Oh I see. I don't give apple much because I've noticed it goes bad quickly. I will have a read of your site thanks. I really appreciate your help.


----------



## kez30 (Jun 15, 2008)

I've found putting food on top of vertically stacked egg crate helps keep the humidity down, I put it on a plastic food tub lid/ice cream tub lid etc.

Firedragon, that's interesting never heard anyone say feeding oranges slows them down but can't argue the point if you've done trials. A lot of people say feeding it gets them breeding better but haven't seen anyone mention they've tested the idea, nor can i find any info as to why it would improve breeding.


----------



## The Roach Hut (Mar 29, 2008)

kez30 said:


> I've found putting food on top of vertically stacked egg crate helps keep the humidity down, I put it on a plastic food tub lid/ice cream tub lid etc.
> 
> Firedragon, that's interesting never heard anyone say feeding oranges slows them down but can't argue the point if you've done trials. A lot of people say feeding it gets them breeding better but haven't seen anyone mention they've tested the idea, nor can i find any info as to why it would improve breeding.


yeah like i said a lot of people will prob argue with it, i dont know if u seen our videos? but those tubs we had 3 tubs we used with our adults and they were identical tubs 3 used for oranges and 3 without now its not a scientific test but we weighed the nymphs produced every month from all 6 tubs. the tubs without oranges yielded 10% more weight, but to ensure it wasnt a fluke we ran the experiment for 6 straight months and added the figure at the end, and it still showed a 10% decrease in the tubs that were given oranges.

It is of course only our opinion and many out there would disagree with us, i can only say what we found in our experience.

And god noone called us firedragon in a while, kinda nice to hear lol


----------



## The Roach Hut (Mar 29, 2008)

kez30 said:


> I've found putting food on top of vertically stacked egg crate helps keep the humidity down, I put it on a plastic food tub lid/ice cream tub lid etc.
> 
> Firedragon, that's interesting never heard anyone say feeding oranges slows them down but can't argue the point if you've done trials. A lot of people say feeding it gets them breeding better but haven't seen anyone mention they've tested the idea, nor can i find any info as to why it would improve breeding.

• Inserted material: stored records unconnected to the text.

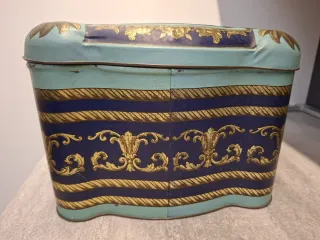 Scatola Latta Vintage Biscottini Pavesi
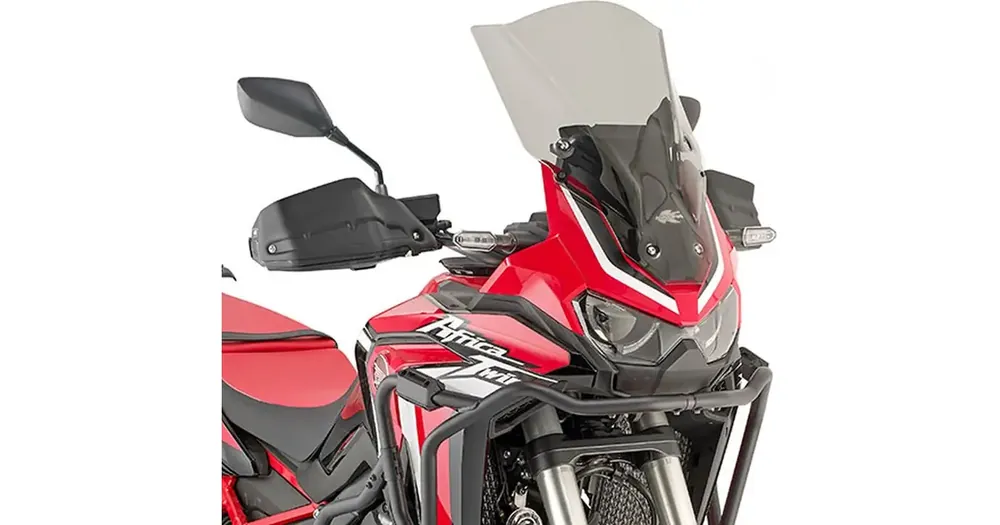 Tuulilasi, tummennettu, 49x36.5cm, Kappa, KD1179S, Honda CRF1100L Africa Twin Uusi Kokoelma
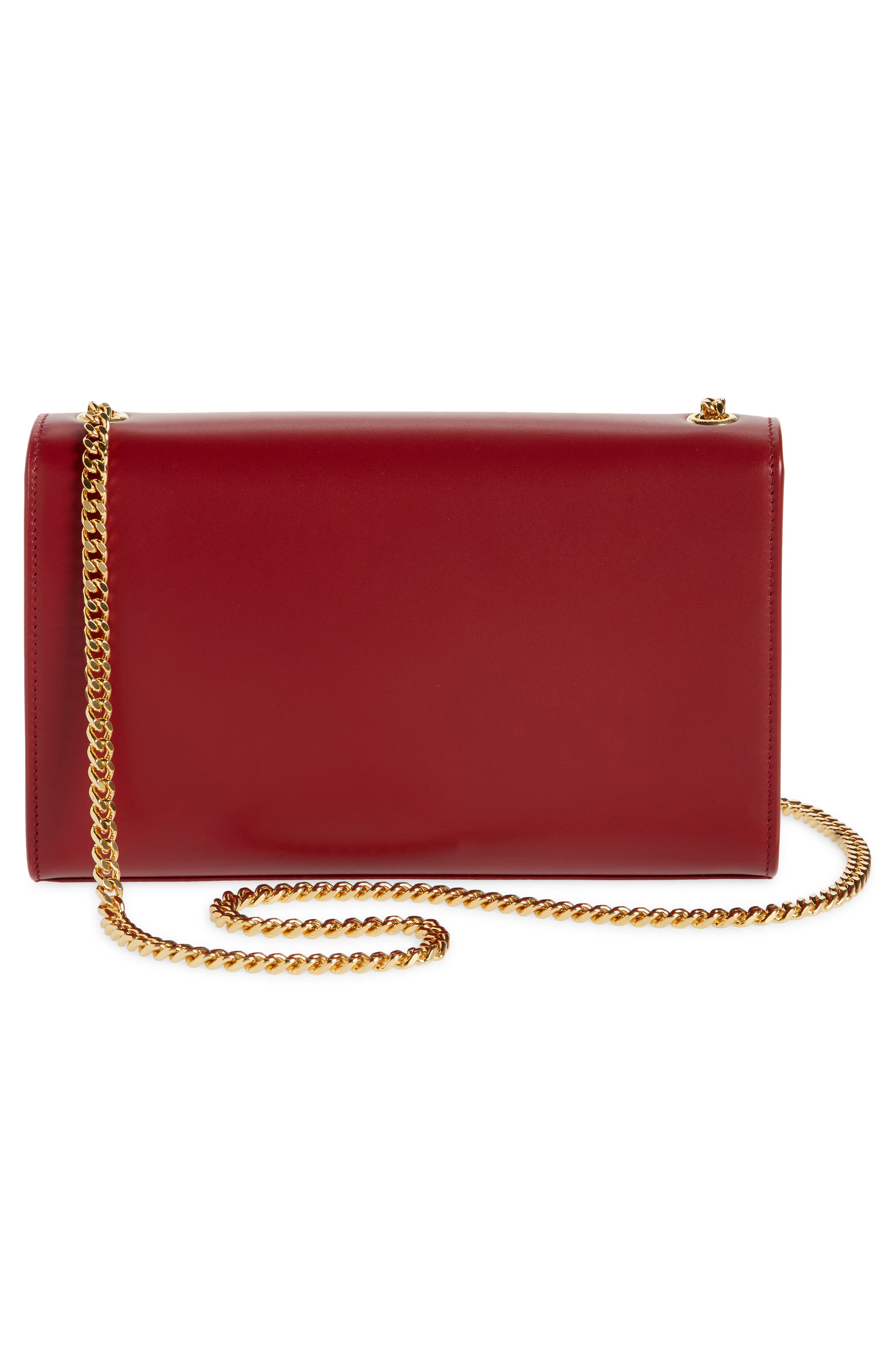 Medium Kate Leather Shoulder Bag, Alternate, color, OPYM RED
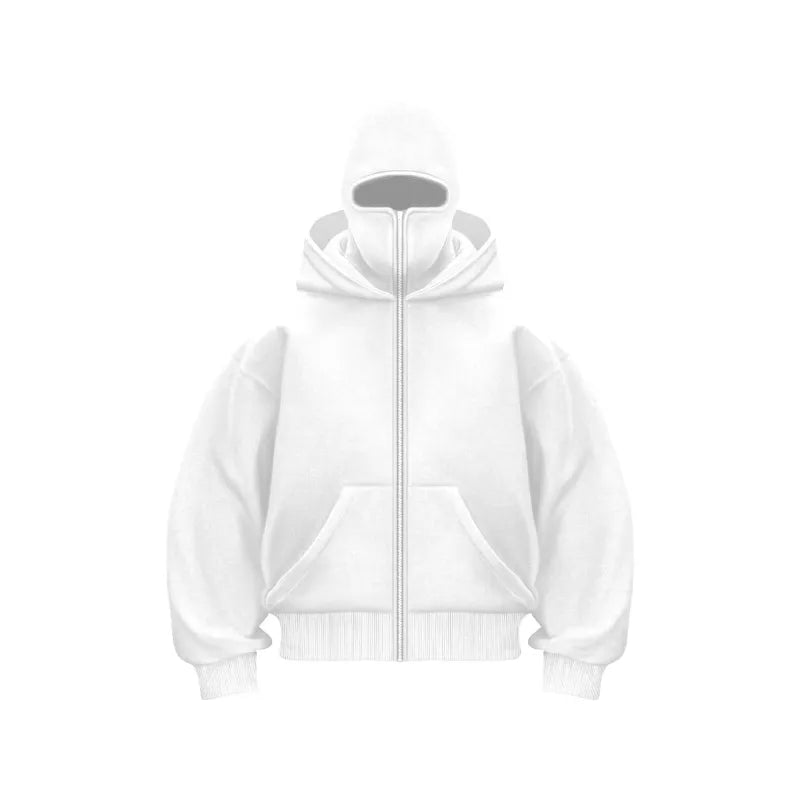 Fleecegefütterter Doppel-Kapuzenpullover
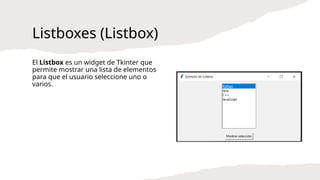 Aprende python con tkinter desde cero hasta avanzado 4 | PPTX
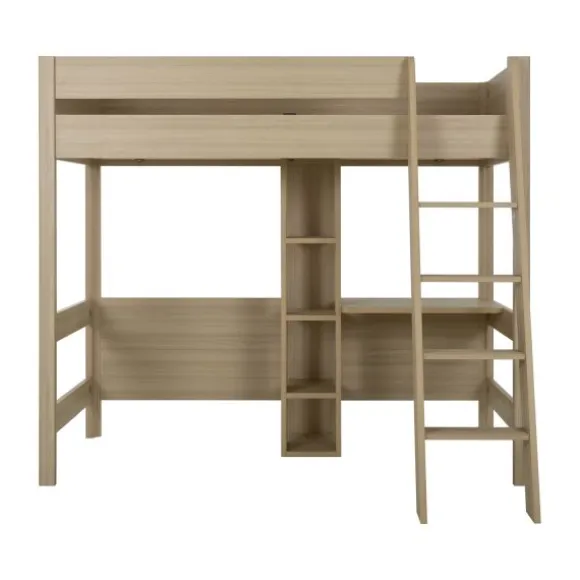 Gautier Mezzanine Tiny Bed - 90 x 200 cm - Eik/Eik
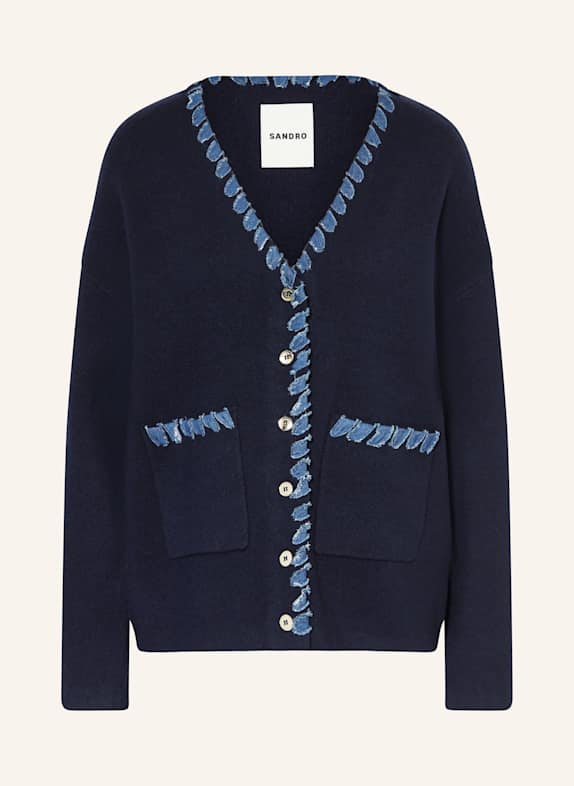 SANDRO Strickjacke DUNKELBLAU/ BLAU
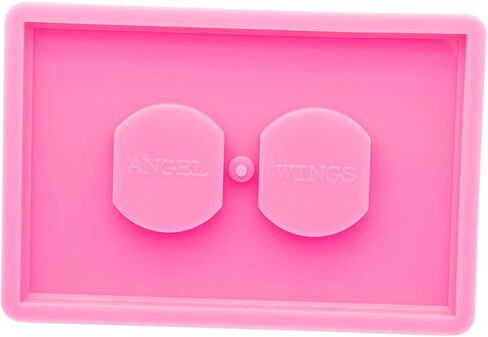 Super Glossy Light Switch Cover Silicone Mold Epoxy Resin Casting Mold for DIY Light Switch Plate Socket Panel Making Tools Switch Silicone Mould DIY Necklace Jewelry Pendant Craft in Saudi Arabia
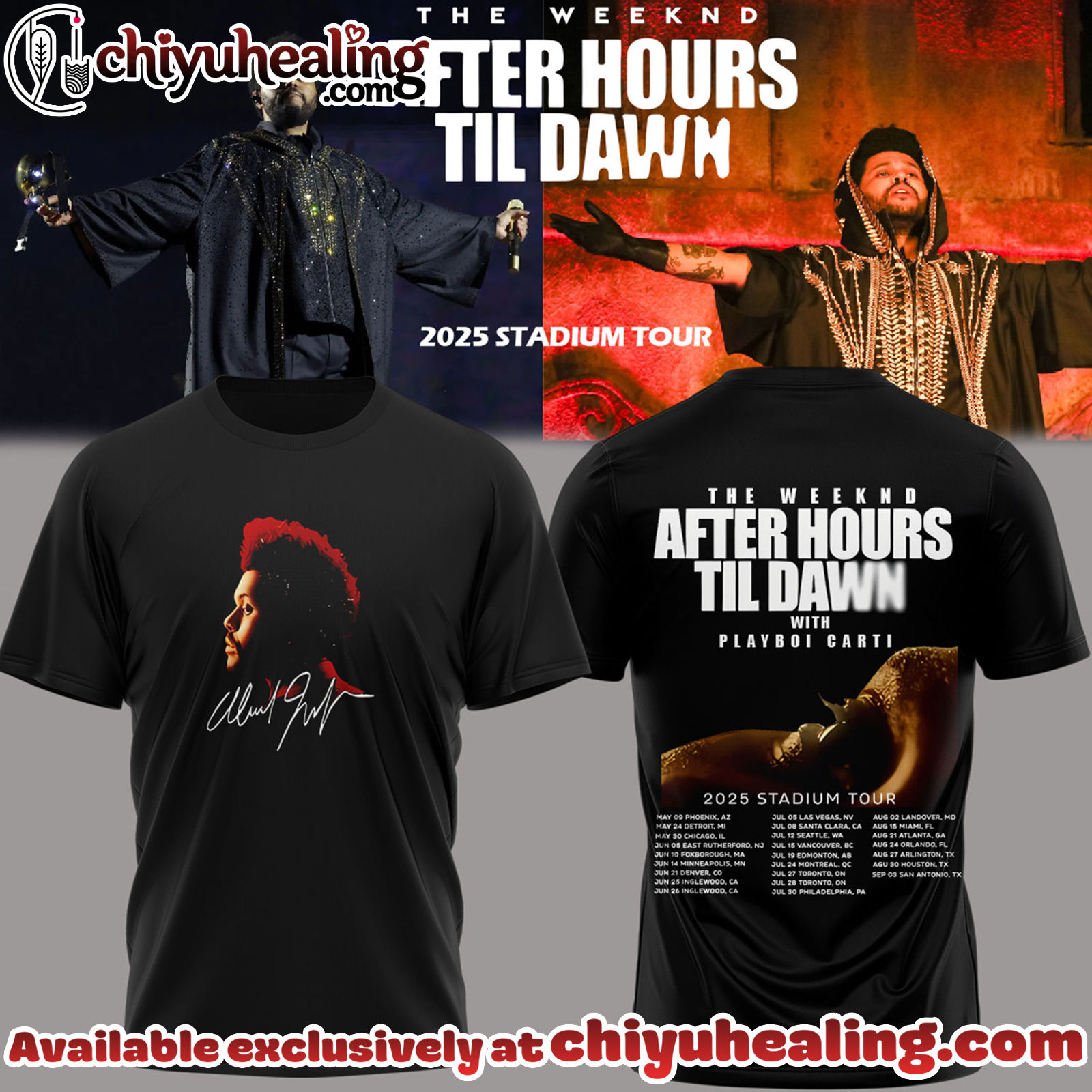 The Weeknd After Hours Till Dawn Tour TShirt, Hoodie,Sweatshirt - Ver 4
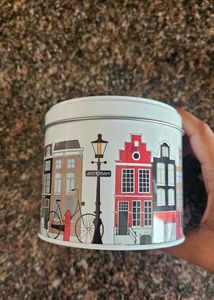 Tin Box And Blue Metal Dabba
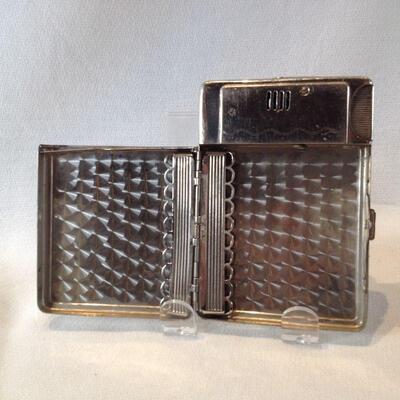 Vintage Cigarette Case & Lighter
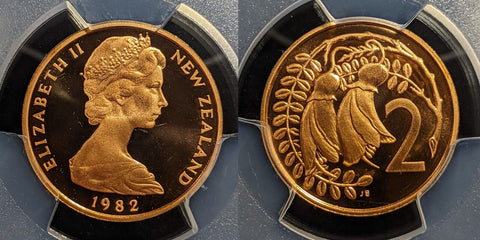 New Zealand 1982 Proof Two Cent 2c PCGS PR69DCAM FDC UNC #3286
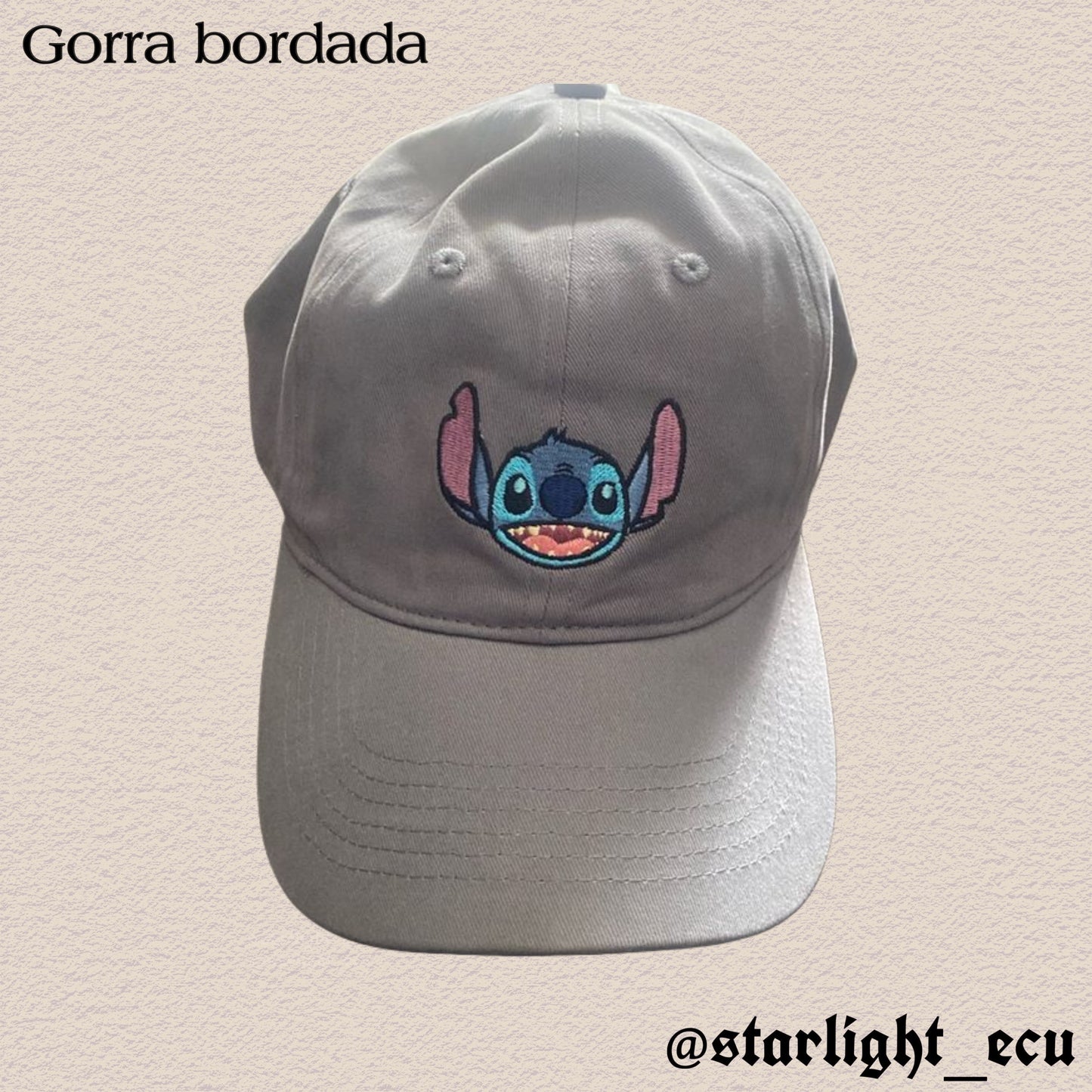 Gorra bordada stitch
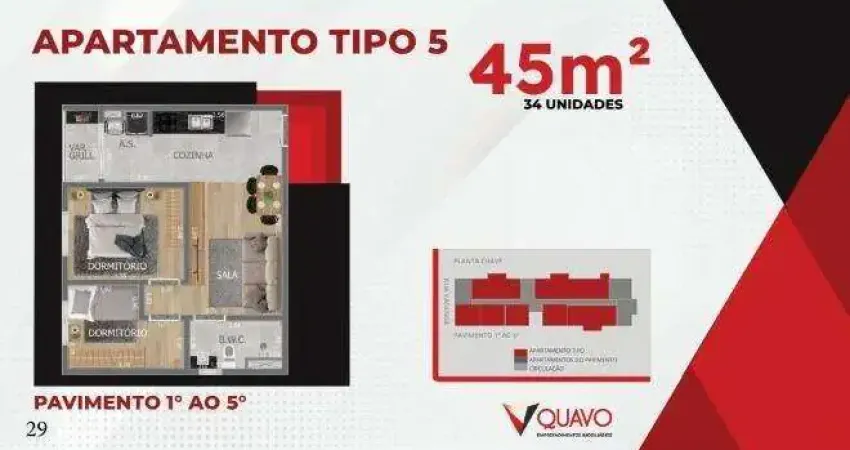 Apartamento à venda, 2 quartos, 1 vaga, Vila Fernandes - São Paulo/SP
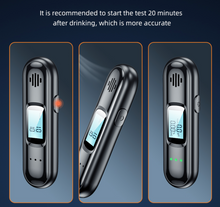 Load image into Gallery viewer, New Portable Non-contact Alcohol Tester Breathalyzer Rechargeable With LED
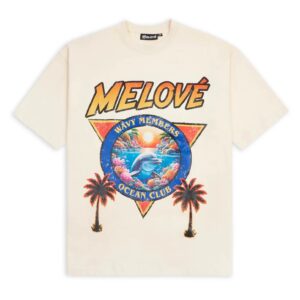 MELOVÉ “Ocean Club” T‑Shirt – Cream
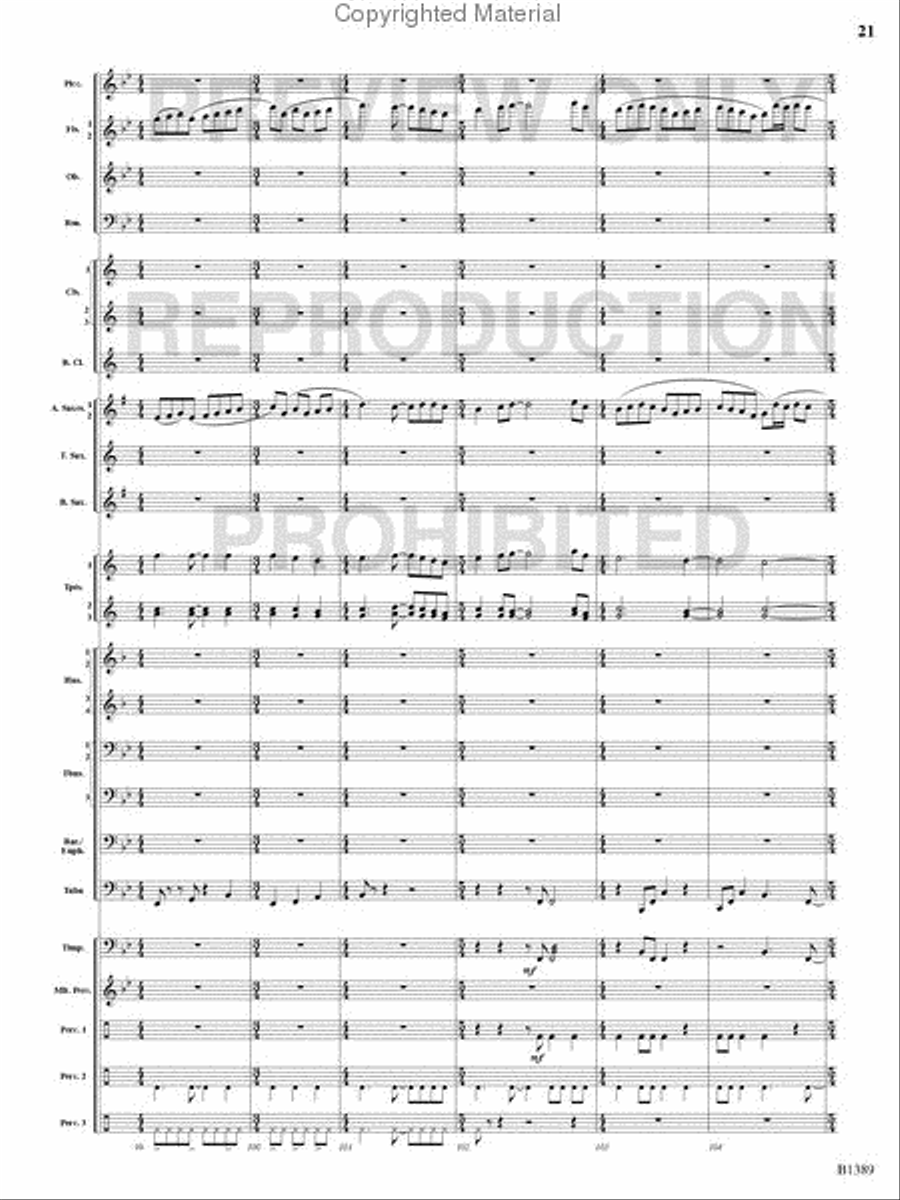 American Visions Concert Band scores gallery preview page 20
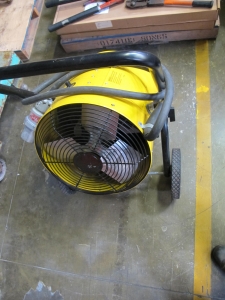 LOT TO INCLUDE: (1) MARLEY ENGINEERED PRODUCTS, PORTABLE HEATER/BLOWER, MODEL #W2000483CTL, (1) FOSTORIA HEAT WAVE 30 PORTABLE HEATER, 3 PHASE, 480 V, 60 HZ. LOADING & HANDLING FEE $15-4087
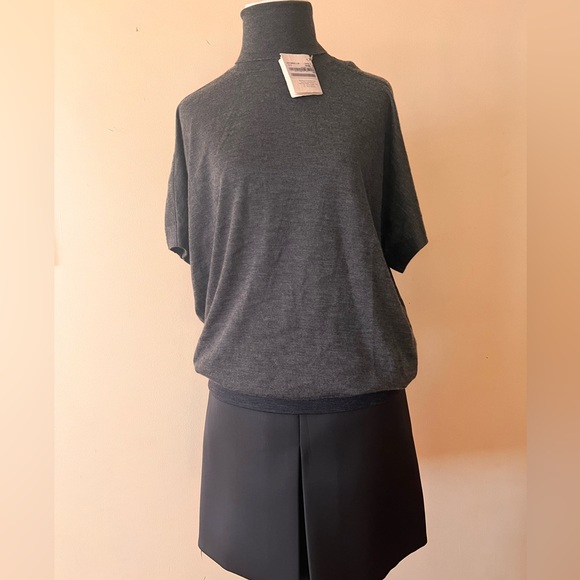 NWT Brunello Cucinelli Cashmere Sweater Turtleneck Italy Size M Monili Sleeve - Picture 3 of 13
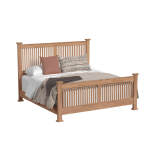 Oak Park King Slat Bed | Taupe - Image 3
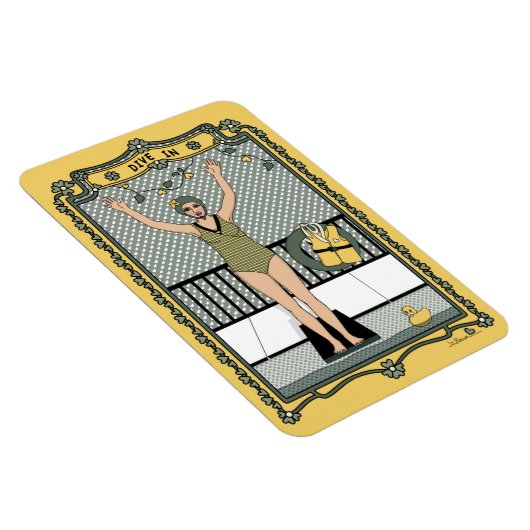 Dive In_C_4x6 koelkast Magnet Magneet (Rechterzijde)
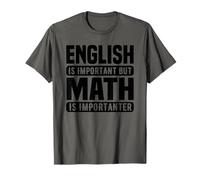 Math Lover Funny - L'anglais est Important, mais Les mathématiques si T-Shirt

and putting the food on top of crates is a valid point from kez, we do the same thing with our breeders using our 5 pot feeding tubs. it also allows more surface ares from the egg crates


----------



## Iwantone (Dec 2, 2010)

The Roach Hut said:


> and putting the food on top of crates is a valid point from kez, we do the same thing with our breeders using our 5 pot feeding tubs. it also allows more surface ares from the egg crates


What are 5 pot feeding tubs?


----------



## Iwantone (Dec 2, 2010)

kez30 said:


> I've found putting food on top of vertically stacked egg crate helps keep the humidity down, I put it on a plastic food tub lid/ice cream tub lid etc.


Thanks, I was putting it low down in the tub.


----------



## The Roach Hut (Mar 29, 2008)

Just a 5 compartment tub that we use check out the setup vids on our site


----------



## swift_wraith (Jan 4, 2009)

Iwantone said:


> What are 5 pot feeding tubs?


kinda like tool trays. Single tray with compartments. Available from most pound shops etc. Just scuff up all the edged so the roaches can climb it and youre done. Easy to use as you just lift out, wash and slap back in with more veg, dryfood, crystals etc.


----------



## Iwantone (Dec 2, 2010)

The Roach Hut said:


> Just a 5 compartment tub that we use check out the setup vids on our site


I just looked thanks. Great videos. :2thumb:



swift_wraith said:


> kinda like tool trays. Single tray with compartments. Available from most pound shops etc. Just scuff up all the edged so the roaches can climb it and youre done. Easy to use as you just lift out, wash and slap back in with more veg, dryfood, crystals etc.


Thank you.


----------